Can I please get a second review.
David
On 10/07/2018 7:50 AM, Chris Plummer wrote:
On 7/9/18 2:41 PM, David Holmes wrote:
Hi Chris,
On 10/07/2018 4:22 AM, Chris Plummer wrote:
Hi David,
Would it be better to problem list this test on solaris using
JDK-8156708. That way when JDK-8156708 is fixed it can come off the
problem list and start executing on solaris.
JDK-8156708 is already fixed - it's a dup of JDK-8154715. We could
only fix this for VM created threads. The general problem of TLS
destructors looping if a thread terminates without detaching from
the VM is not solvable - other than by not using TLS in the VM.

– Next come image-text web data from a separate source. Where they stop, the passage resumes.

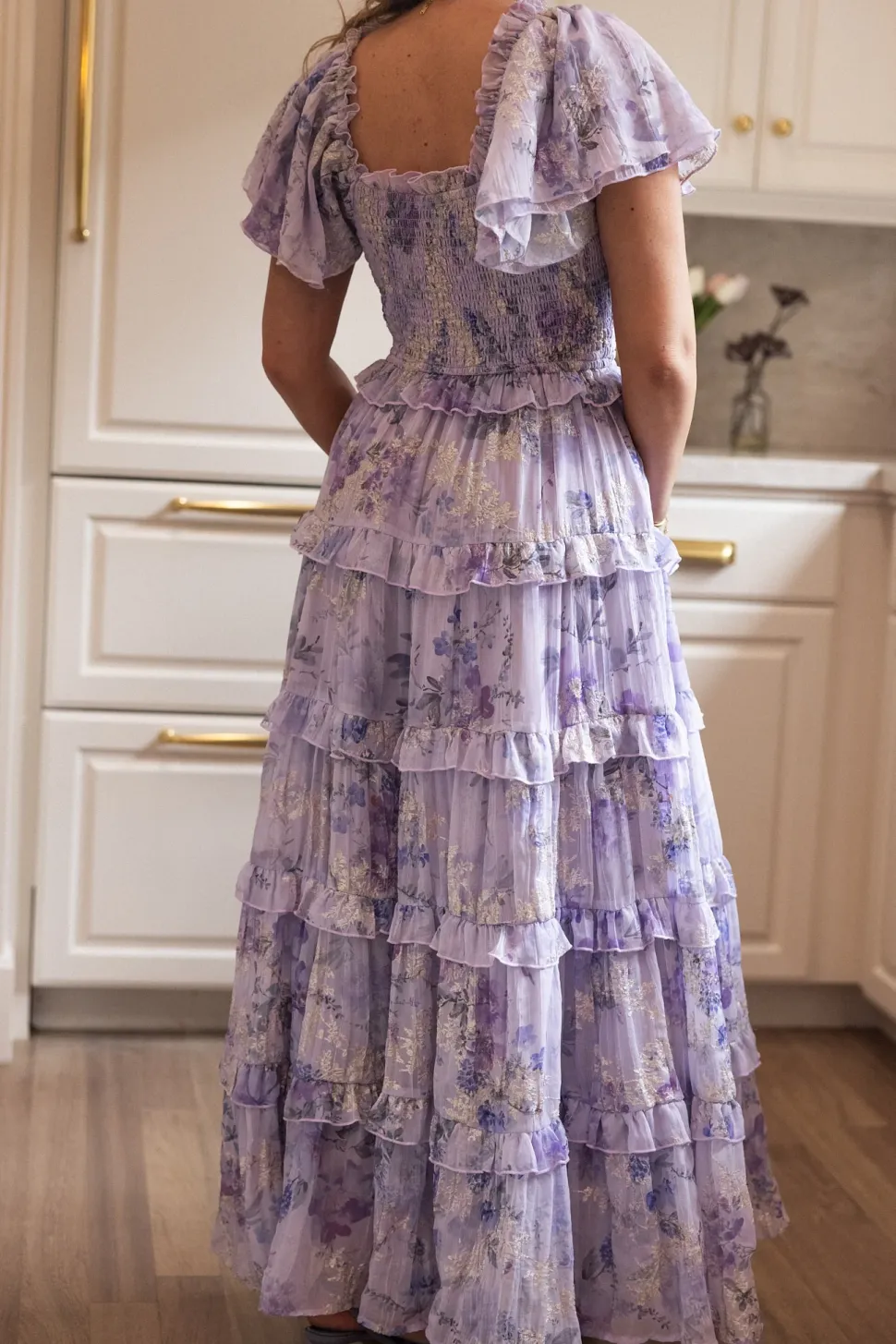 Winnie Dress in Lavender Aquarelle Fleur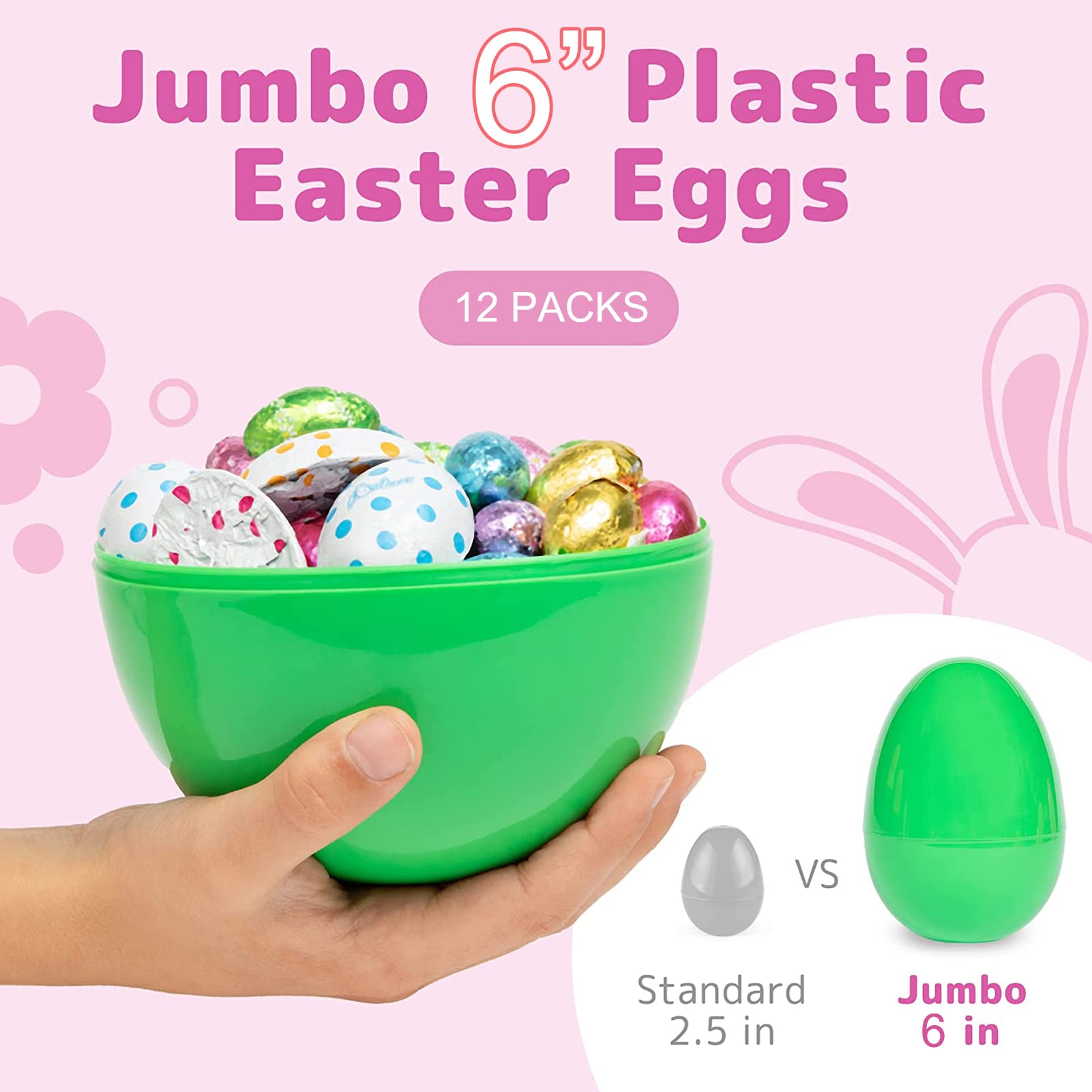 12PCS Large Plastic Easter Eggs - 6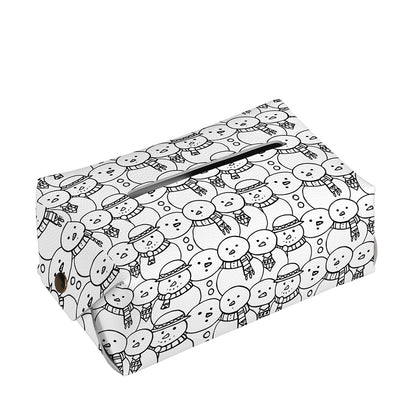 Black And White Snowman Pattern Print Rectangle Tissue Box Cover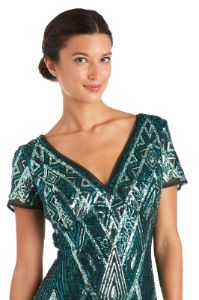 Long Sequin Beaded Godet Dress sold by R&M Richards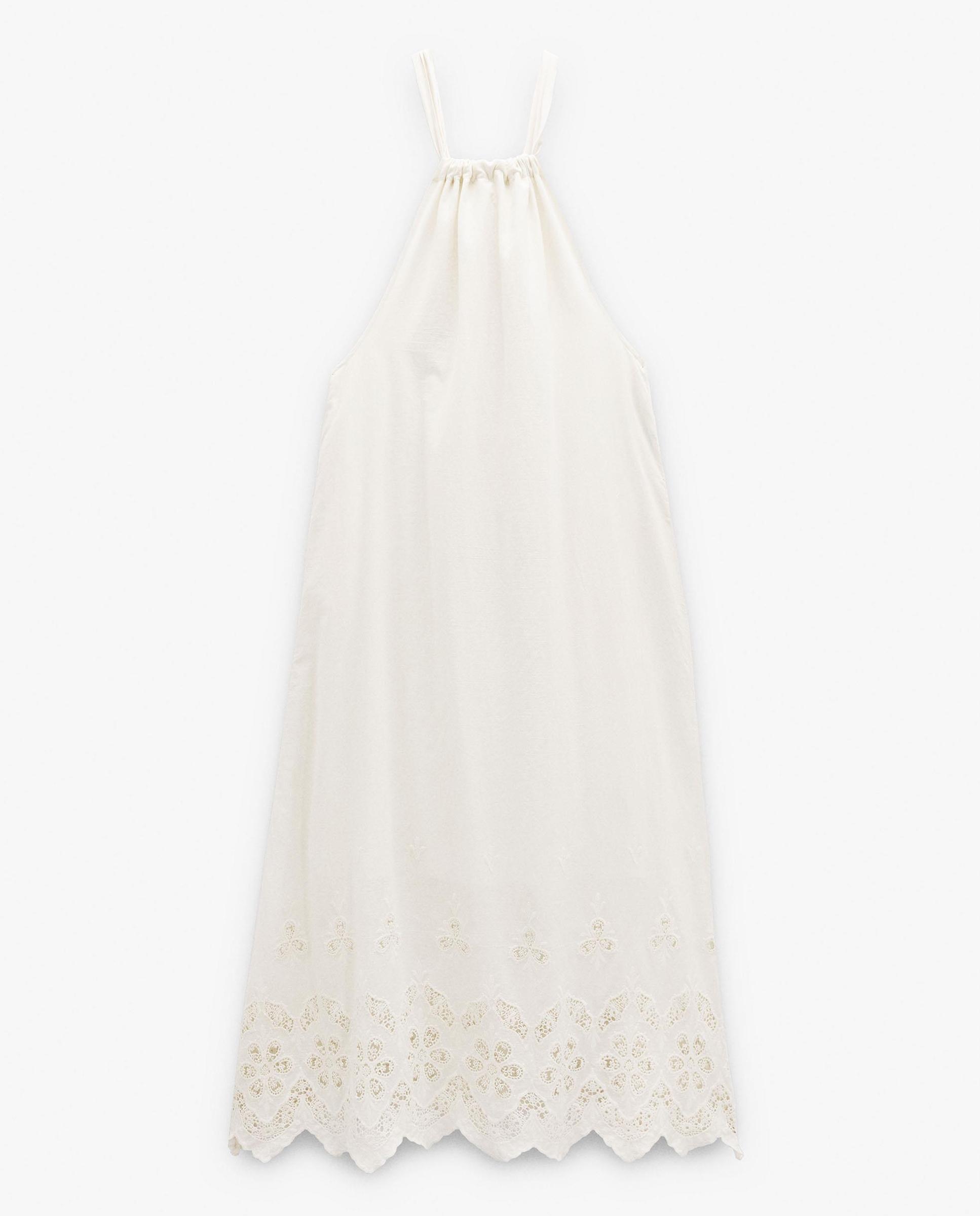 Vestido largo 100% algodón de tirantes con bordados - Parfois - Blanco Blanco-6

Ok, I misunderstood your comments in the test.
Changes look fine.
Chris
Thanks,
David
thanks,
Chris
On 7/8/18 4:58 PM, David Holmes wrote:
tl;dr skip the new regression test on Solaris
New webrev:
http://cr.openjdk.java.net/~dholmes/8205878/webrev.v3/
This excludes the test from running on Solaris, so the makefile
doesn't bother compiling this native test and the Java part of the
test adds:
! * @requires os.family != "windows" & os.family != "solaris"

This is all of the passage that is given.